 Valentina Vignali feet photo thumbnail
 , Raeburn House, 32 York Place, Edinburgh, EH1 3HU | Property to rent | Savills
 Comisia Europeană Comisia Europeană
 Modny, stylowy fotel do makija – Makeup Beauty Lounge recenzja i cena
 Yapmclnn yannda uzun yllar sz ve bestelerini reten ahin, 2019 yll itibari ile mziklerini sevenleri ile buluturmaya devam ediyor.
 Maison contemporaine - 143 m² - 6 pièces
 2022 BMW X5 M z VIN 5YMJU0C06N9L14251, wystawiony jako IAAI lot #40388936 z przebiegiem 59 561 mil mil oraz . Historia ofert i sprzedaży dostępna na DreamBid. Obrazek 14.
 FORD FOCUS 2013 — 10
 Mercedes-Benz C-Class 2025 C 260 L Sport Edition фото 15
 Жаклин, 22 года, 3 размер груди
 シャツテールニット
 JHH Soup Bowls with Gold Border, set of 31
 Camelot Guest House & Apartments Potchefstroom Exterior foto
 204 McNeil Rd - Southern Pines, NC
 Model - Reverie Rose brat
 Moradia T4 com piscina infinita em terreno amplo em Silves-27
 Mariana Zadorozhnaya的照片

Exercise requirements -> A count is needed of the lines in this data that contain "House"; give the number and no other text.

Your solution -> 2